11.2. RNN Based Language Model Architectures

While RNNs introduced in the 1980s, they were not widely used for NLP tasks until the early 2010s.

However, RNNs have rapidly replaced n-gram models as the dominant approach in NLP research since the publication of the paper “Neural Machine Translation by Jointly Learning to Align and Translate” in 20141.

Following the classification of “Speech and Language Processing”, this document presents four key RNN-based architectures for NLP:

Fig.11-1: Four RNN-Based Architectures for NLP Tasks
(1) Language Modeling

This architecture predicts the next word $w_{t+1}$ in a sentence given the current word $w_{t}$. While similar to bigrams, RNNs process sentences recursively, overcoming the limitations of n-grams’ local dependencies. (See Section 13.3 for details.)

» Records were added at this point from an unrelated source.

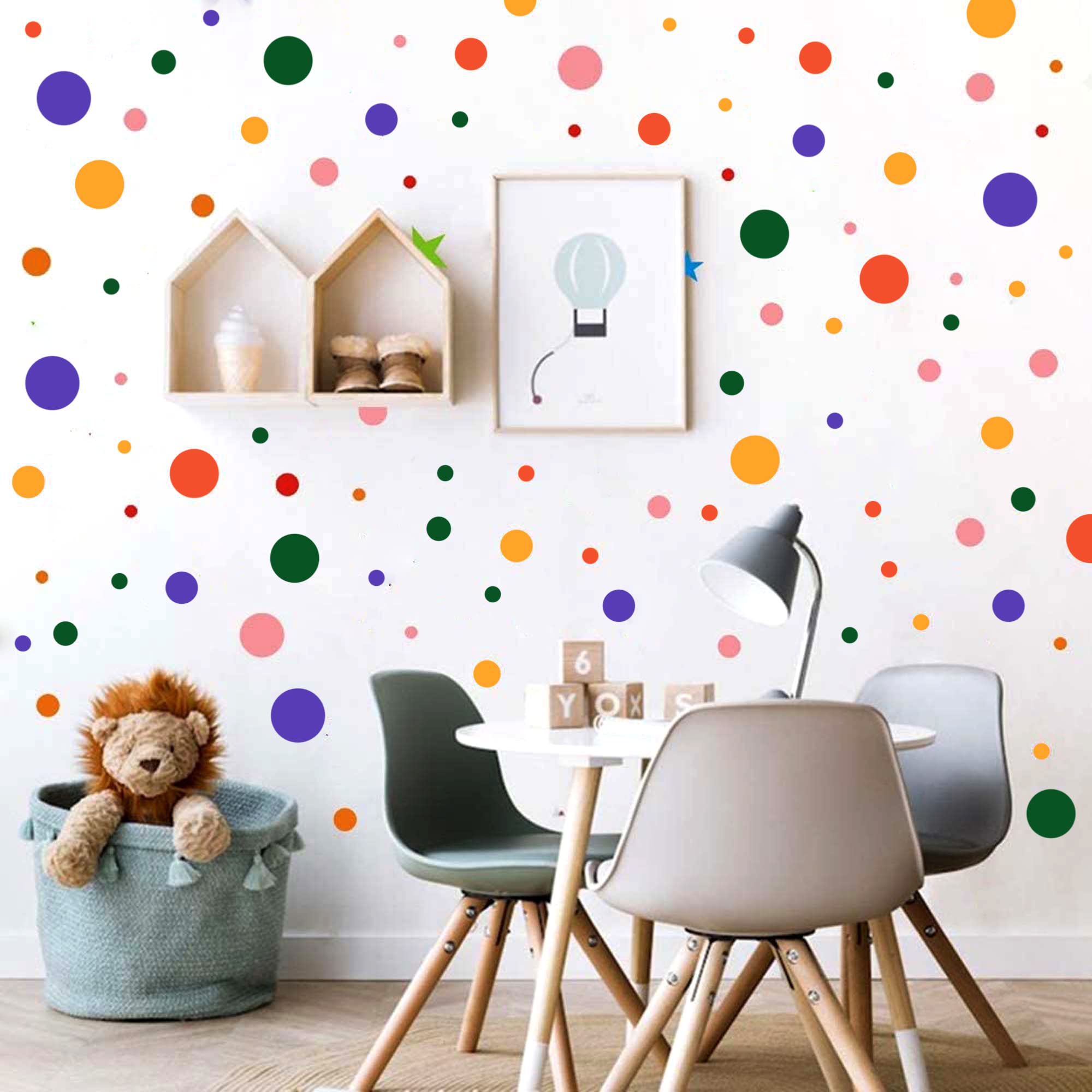 Artcraftuk Girls Gold Mix 226 Pc's Multi Color Polka Dot And Star Wall Stickers Irregular Polka Dot Stickers Decal Vinyl Wall Art Room Decor Bedroom Decor Peel And Stick Nursery Decor (Muliticoloured Polka Dots)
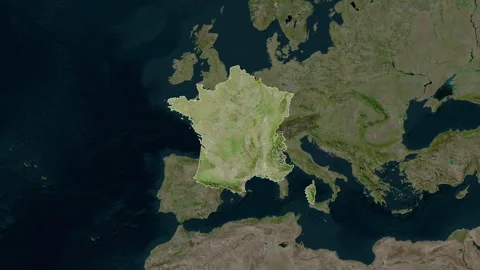 France map - extract. Border. Satellite. Labels Stock Footage 321337681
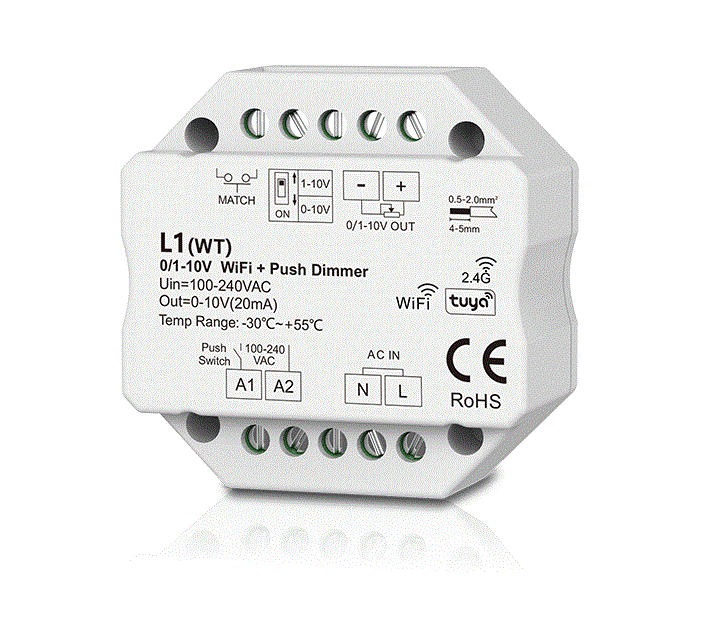Serie dimmere 0–10V și 1–10V - Dimmer smart 0–10V / 1–10V WiFi + RF, 1 canal, 100–240V AC – L1(WT)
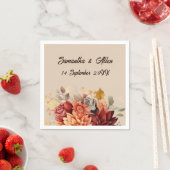 Licht Terracotta Herfst Bloemenuitnodiging Servet (Insitu)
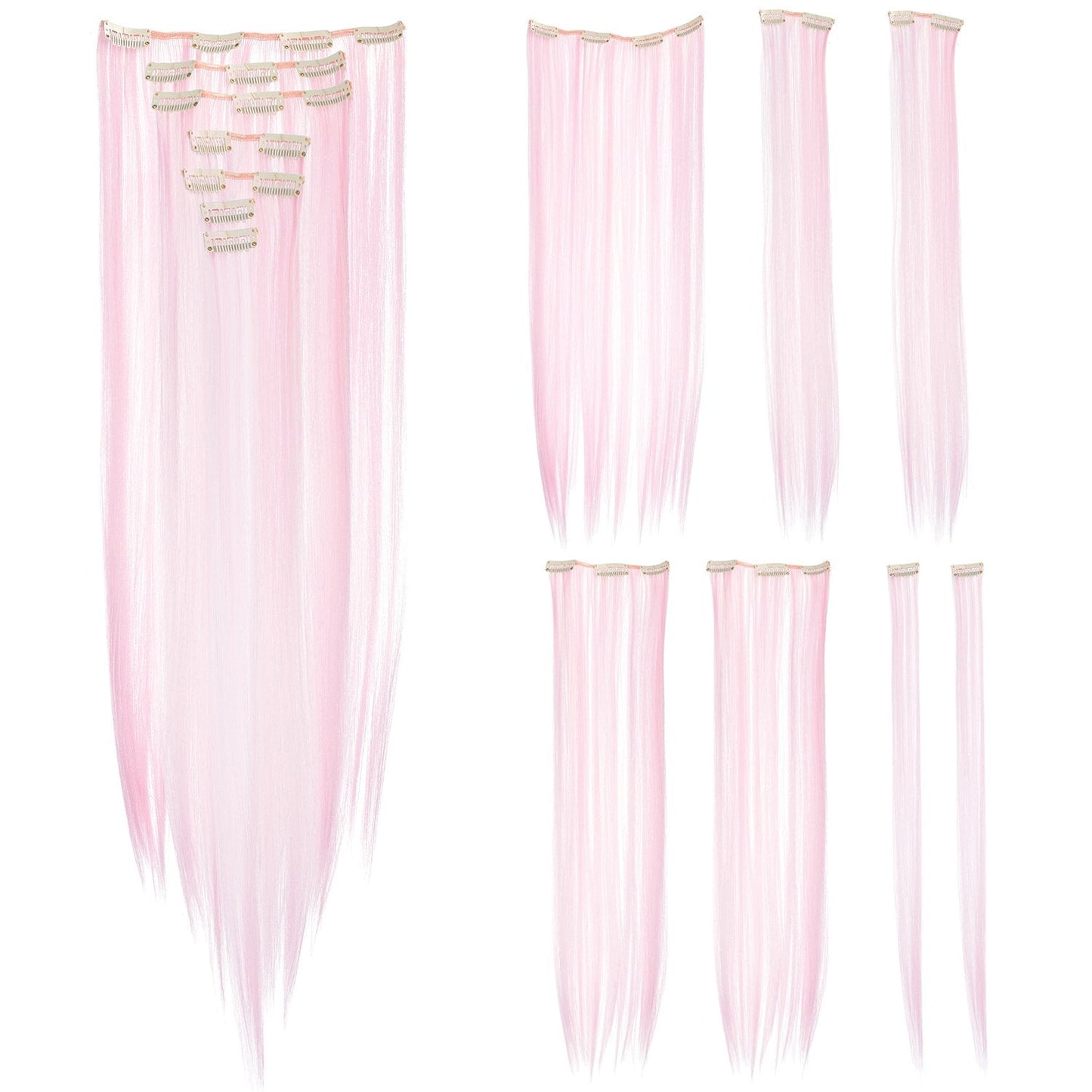 Swacc 7 Pcs Full Head Party Highlights Clip On In Hair Extensions Colored Hair Streak Synthetic Hairpieces (22-Inch Straight, Pi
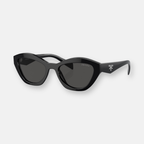 Prada Symbole SPRA02 occhiali da sole donna acetato nero design a gatto logo triangolo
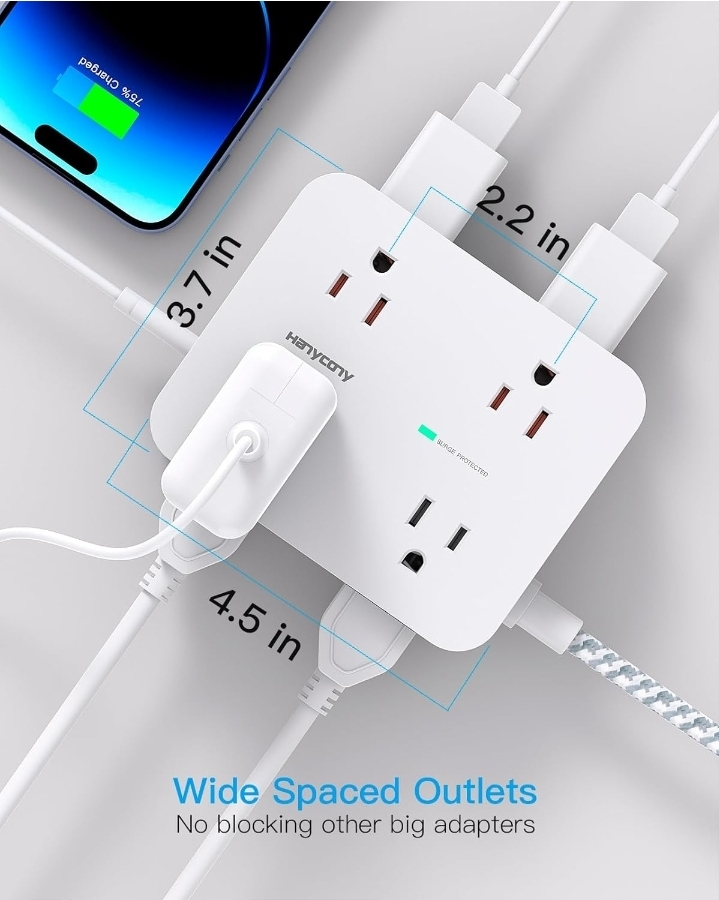 10 Ft Surge Protector Power Strip, HANYCONY Extension Cord - photo 5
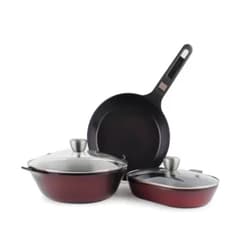 Neoflam MyPan Ceramic Nonstick Cookware Set, Chef's Wok, Grill Pan, Fish Pot, Stir Fry, Saute, Bake with Detachable Handle & Oven Safe Glass Lid for Daily Use, 6pc, Red Ruby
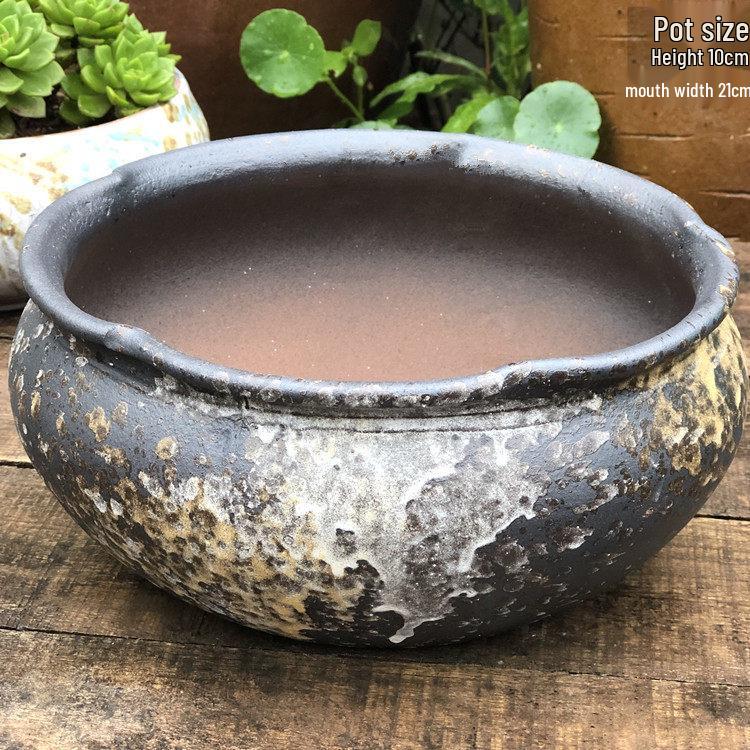 Stor Handgjord Keramik Kruka för Suckulenter och Grönska, Andningsbar Lerkruka i Lila Lera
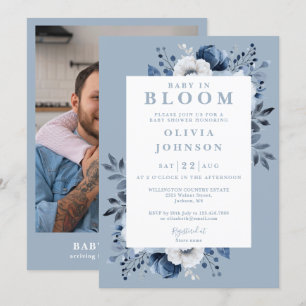 Invitation Bébé en fleur Dusty Blue Floral Baby shower photo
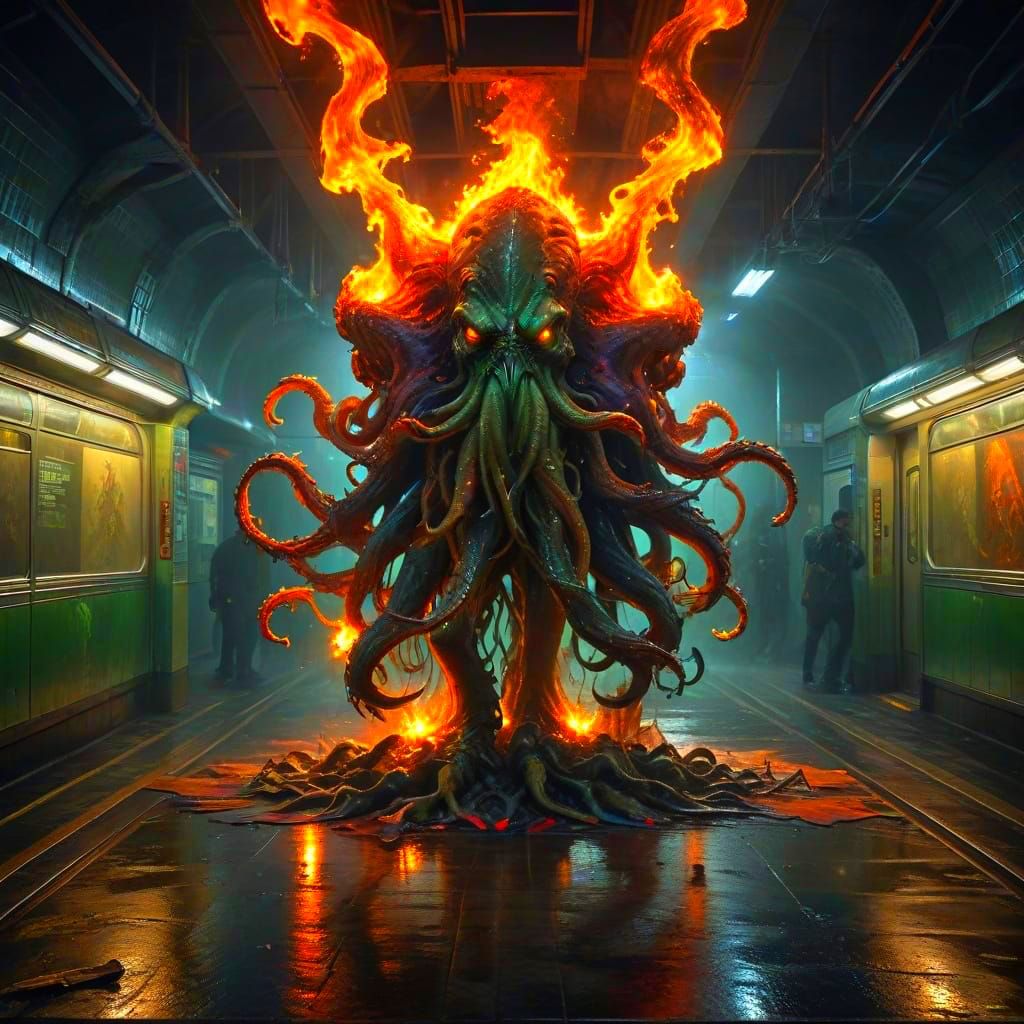 Ethereal Cthulhu Emerges from Radiant Subway Portal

(2) Sequence Classification

A Many-to-One RNN can be used for tasks like sentiment analysis, where the goal is to classify an entire sequence. (See Chapter 12 for details.)

(3) Sequence Labeling

A Many-to-Many RNN can be used for tasks like Part-of-Speech (POS) tagging, where a label is assigned to each element in a sequence.

(4) Encoder-Decoder

This architecture is typically used for language translation. (See Chapter 13 for details.)


  1. While RNN-based language models achieved significant success, their dominance in the field suddenly terminated in 2017 with the introduction of the Transformer model. ↩︎